Yes, something like that….only had to do it in less steps…less is more kind of thing…steps 1, 2,3, 4, no 5, 6&7 together as one image, 8 , …steps 9, 10, 11 are not necessary as it was to show how to light a match, but nothing else….tricky that way. But you have the idea….good job!
 
Liability insurance will cost you more than you will ever make selling model rockets. #askhowiknow

Another reason to say publicly (as on this forum) that it is your hobby, not a business.*

*I paid for this advice and I’m giving it away free. It helps in liability cases here. Outside NSW, Australia I have no idea.

An interesting thing I learned on the internet: the last round of US tax law changes eliminated the ability to deduct expenses from hobby income. If you spend $15 dollars on a hobby project and sell it for $20 you owe tax on $20. If you make it a business you owe tax on $5. There are vague rules for what counts as a business that presumably come down to "the auditor thinks you mean it"
 
An interesting thing I learned on the internet: the last round of US tax law changes eliminated the ability to deduct expenses from hobby income. If you spend $15 dollars on a hobby project and sell it for $20 you owe tax on $20. If you make it a business you owe tax on $5. There are vague rules for what counts as a business that presumably come down to "the auditor thinks you mean it"

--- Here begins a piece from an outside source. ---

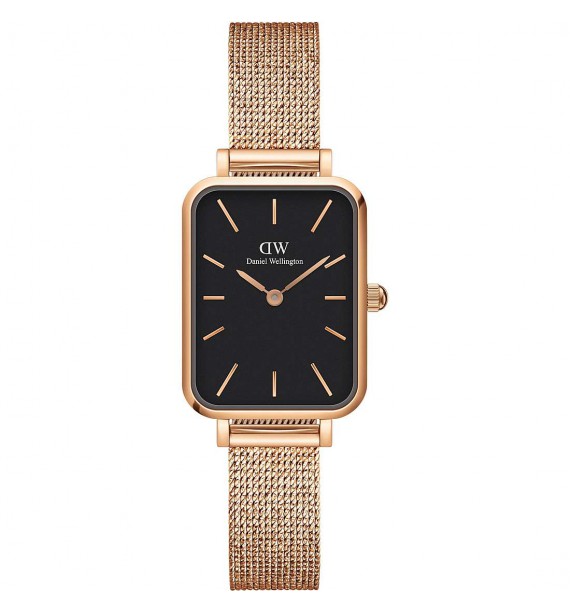 DANIEL WELLINGTON orologio in acciaio placcato dorato fondo nero - Quadro  Pressed Melrose - Orologi Shopping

The tax man seems to have strange ideas on what constitutes a hobby. If you make a loss, then it is a hobby. If you make a profit it is a business. Even a tiny profit.

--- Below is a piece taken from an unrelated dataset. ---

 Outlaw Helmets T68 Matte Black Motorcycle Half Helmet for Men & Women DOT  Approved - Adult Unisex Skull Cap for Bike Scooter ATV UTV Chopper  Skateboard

Then you have to register for tax on your business and the extra costs and paperwork on your new business will mean you now make a loss and it is a hobby again.

Rinse and repeat.o_O
 
Quick comment to the point raised somewhere up-thread about a pre-order approach. That makes a ton of sense for a lot of projects, whether you're trying to gauge if there's enough interest to justify the effort, needing to buy supplies in bulk to hit quantity discounts, amortize equipment costs, etc, and make the project viable. In any community though I definitely wouldn't put much stock in people actually coming through w/ orders & money based on a headcount in a forum. Haven't noticed anybody using it for rocketry, but that's exactly the founding use case for Kickstarter: People make reasonably hard commitments to pay up if you hit the threshold needed to enable the project. It's a simple group escrow service. I would argue some significant downsides and abuses of the model have developed, but no question over the past decade Kickstarter has revolutionized and substantially democratized tabletop gaming and other fields by reducing the barriers to entry. I've run a couple successful small projects on it to create wargaming products (both physical and digital). It's pretty simple to setup and run a campaign, and I consider their fees reasonable. So that's a business approach to consider in putting out a kit, particularly if you aren't sure of the market and/or don't want to make a running business of it and just want to release occasional products or even just a one-off: "Check out this awesome design I made! If X people back the project on Kickstarter (i.e., put down credit cards) I'll make kits."
 
This will be the short answer since I'm at work and need to be running my MDLs, like I have for the last 4 days.

Short answer:
BWHAHAHAHAHAHAAHAH!!!!
(wipes away tears)

Informative answer:
As I am sure someone else on here has said that designing a kit isn't the issue. The difficult bits are standardizing the kit to fit available and affordable parts, finding vendors that will wholesale at your order size (some have a minimum order number for wholesale pricing), purchasing sufficient quantities of parts without selling a kidney, pricing your kit so that is affordable yet you make a little over cost, generating photos and text then publishing the destructions, purchasing the properly sized 4 mil bag to hold all the pieces of the kit, producing header cards and artwork, beta testing your kit (finding people to do it is easy but dealing with/correcting issues that they find is a challenge) and marketing.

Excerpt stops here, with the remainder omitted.